Book #26: Lightning Rods
Author: Helen Dewitt
Provenance: Bought (with gift card) from Indigo in Eaton Centre, Toronto
Now, for today's question: how much credit do you give a book for being written by an author who you really like? I feel that my reaction to Lightning Rods, Helen Dewitt's long-awaited follow-up of sorts to the classic (to me) The Last Samurai, comes from that. I didn't think that it was as good as that book, certainly, but I ultimately found it a fairly enjoyable, wry satire. That said... I probably wouldn't have given it that chance if I hadn't had so much trust in her from the last thing of hers I'd read.
So here's the story here. Joe was a vacuum cleaner salesman who regularly embarked on fairly involved masturbatory fantasies regarding a woman's lower body coming through a wall, while on the other side, they could be doing something unrelated, not really being perturbed – reading a magazine, appearing on a game show, getting work done, whatever. He's rather a weird guy, but he's nothing if not single-minded... and he works out a way to start getting these installed as business tools. You know, to defuse sexual tension in the office and avoid highly damaging sexual harassment lawsuits.

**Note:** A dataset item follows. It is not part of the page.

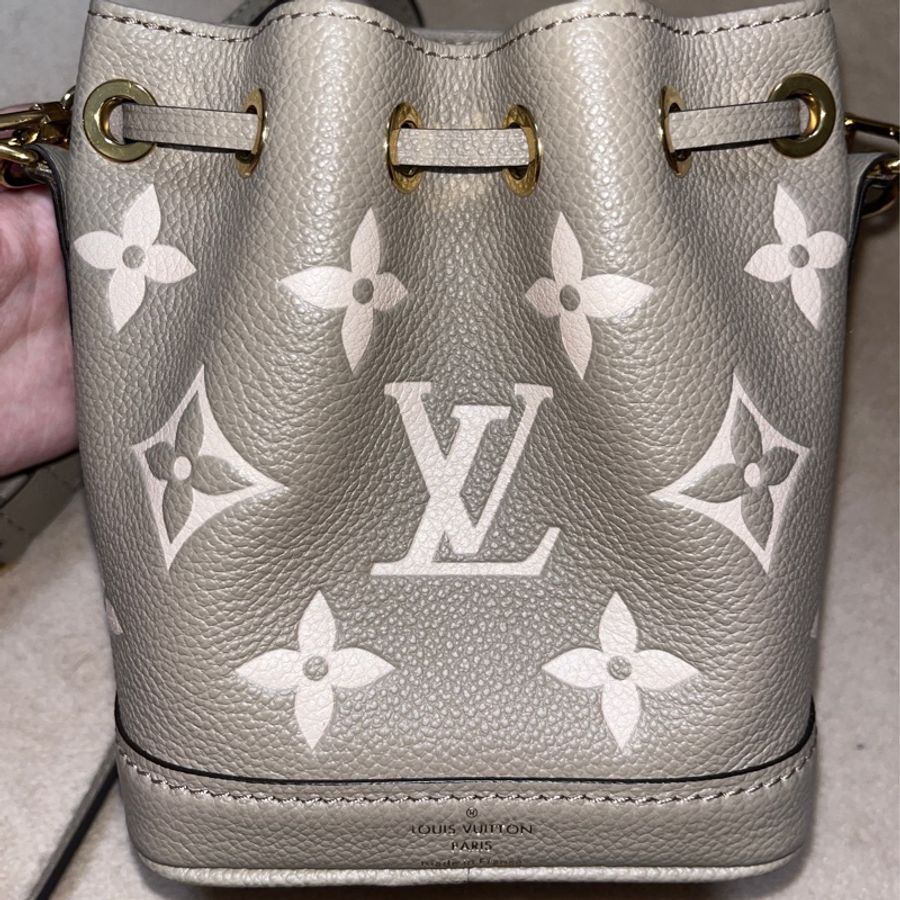 Louis Vuitton nano noe 大象灰-1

Here's what I liked about the book. It really feels like Dewitt thought through a fairly ridiculous premise, and worked out how it might actually function. How would recruitment work? Anonymization? Pitching to companies? Equal opportunities? She then pushed the idea straight on to its logical endpoint, in a fairly nice satirical fashion. The repeated business phrases (one of the first things you learn as a salesman is how to turn a good business phrase), the call forwards to the success of the project, the little dumb-but-clever ideas Joe has for fixing things, the flatness of the prose, all contribute to the humorous sense that this might actually be able to happen, if someone pushed the system in the right way at the right time.

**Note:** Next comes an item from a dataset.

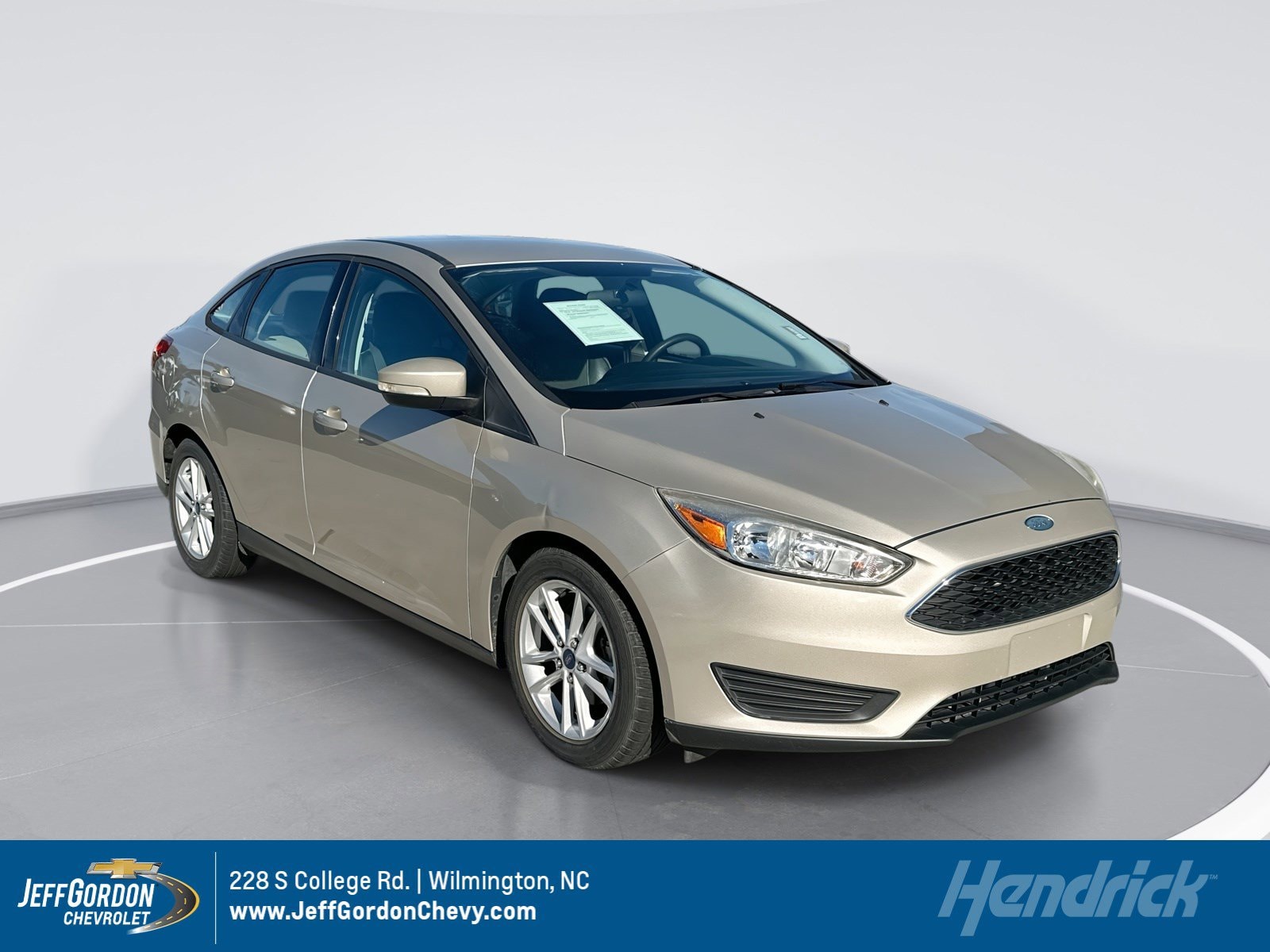2017 Ford Focus SE's photo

That said... the book does rather feel behind the time, in this regard. Although the story itself is careful to avoid giving a specific time in which it's happening, I've heard that Dewitt basically wrote this in the mid-to-late '90s, and it does feel like it might have been more of the moment back then. I don't know that sexual harassment is the hot topic it was back then. And the prose is rather flat and repetitive; even when you know it's on purpose, it can be hard to take. There's also not much in the way of interesting characters or development, but then, that's often the case in satires, anyway.
I guess what it comes down to is that I did enjoy the book all right, but I think if it had been written by an author I didn't know, I wouldn't have been inclined to stick with it as long or to look at it quite as closely. I wonder if someone in a more business-y setting than my work would have found it more wryly amusing from the get-go, but still, the humor's there if you wait for it. I kinda hope for something different next time out, though. But I'll take the Dewitt I can get.
Next up: The Fault in Our Stars. For real this time.